Perhaps the biggest benefit of mutual funds is the opportunity to earn market-linked returns based on the investor’s risk return profile and investment horizon, which is not possible in case of most traditional products. Then, there are other benefits as well, such as professional management, variety and flexibility.
Broadly, there are two routes available for investment in mutual funds. Investors with a good understanding of their investment needs and decisions can opt for direct plans of mutual fund schemes, while others can go through distributors for a seamless experience. Either way, mutual funds are a good long-term vehicle for wealth creation.
Direct plans provide an edge, but variation and choice requires research and understanding
Prior to January 2013, there was a single plan structure for all investors. Then, the Securities and Exchange Board of India mandated fund houses to offer two type of plans: 1) direct plans for investors who want to directly purchase mutual funds from fund houses rather than going through the distribution channel, and 2) regular plans, or the original format of schemes, sold through the distribution channel involving national distributors, banks, independent financial advisors, aggregators and digital channels.

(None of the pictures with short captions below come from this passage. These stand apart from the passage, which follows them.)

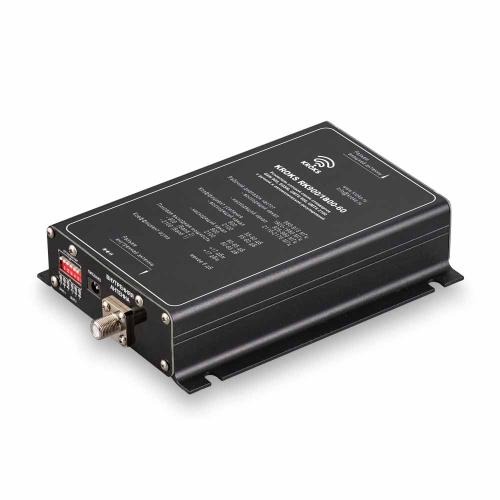 Репитер GSM Крокс RK900/1800-60дБ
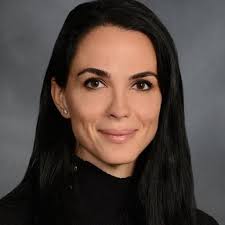 Eleni K. KONSTANTINOU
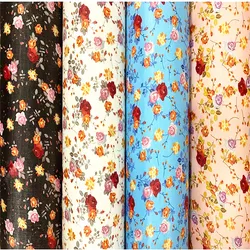 Cotton modal elastane blend fabrics 80% Michelle cotton 20% nylon modal fabric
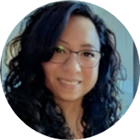 Sheryl Llarena, LMFT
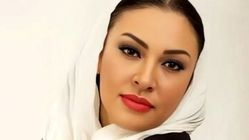 ماجرای فیلم لو رفته عروسی زیبا بروفه از زبان خودش + فیلم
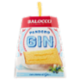 Balocco Pandoro Gin 800 g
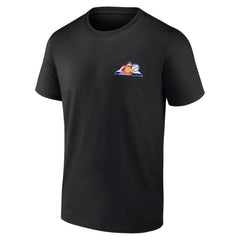 MLB Colorado Rockies Bring It T-Shirt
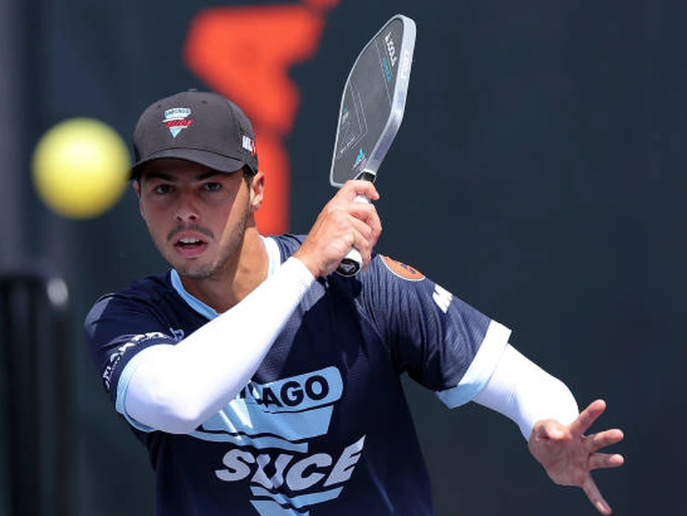 8 lỗi sai newbie Pickleball cần tránh – ‘Đừng dại dột bắt chước Pro!’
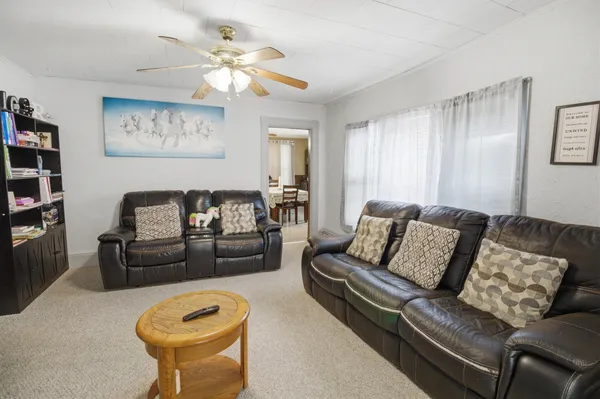 $450,000 | 104 South Main Street, Auburn, ME 04210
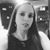 Amy Reigle's profile image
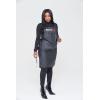imageBaBylissPRO Barberology Apron  Black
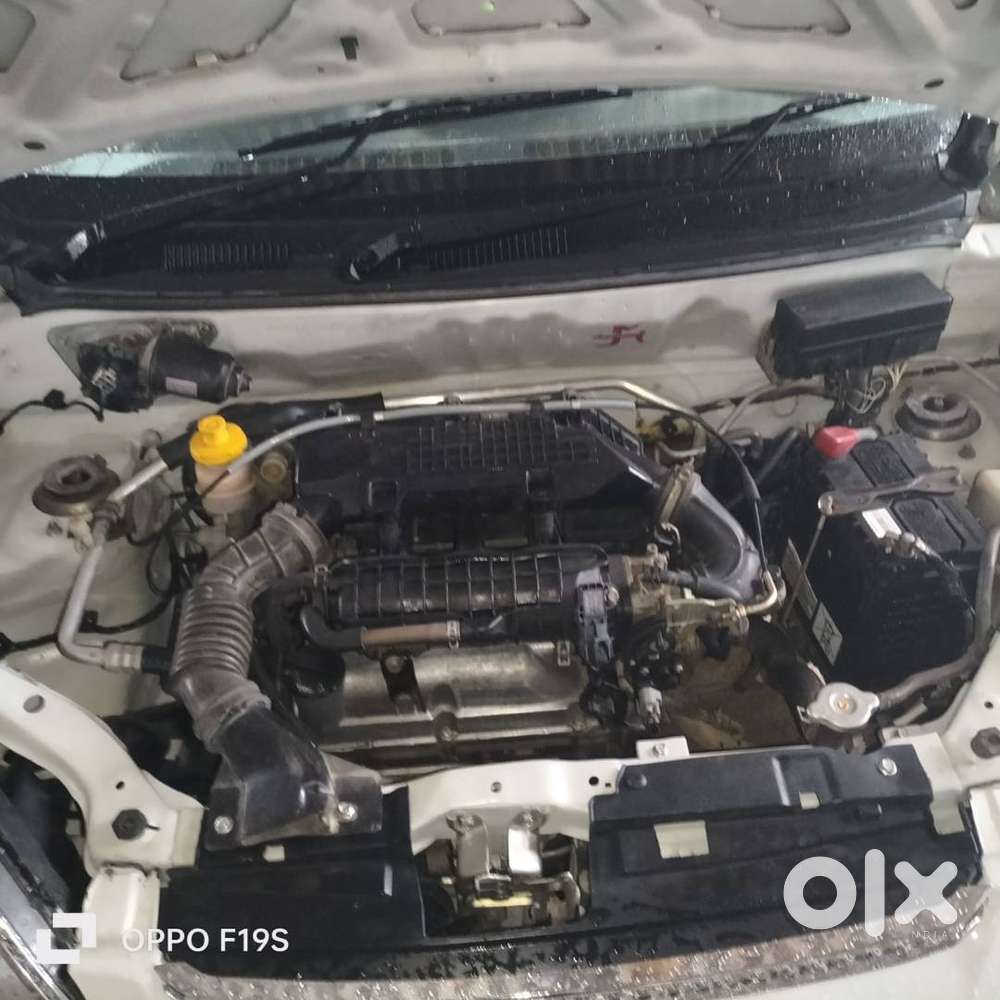 Alto Lxi 800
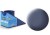 Peinture Revell Aqua Gris Mat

The expense ratio in direct plans is lower than in regular plans. As a result of the cost saving on distribution fee, the net asset value (NAV) is higher, thus generating higher spread in returns (see table).
There is, however, variation within the funds in terms of spreads between direct and regular plans. Also, a higher or lower spread does not denote better or worse performance. A CRISIL analysis shows that in the equity funds category, 38 per cent funds with higher-than-average spreads have underperformed the category average, while 23 per cent with lower spreads have outperformed the category average during four year period.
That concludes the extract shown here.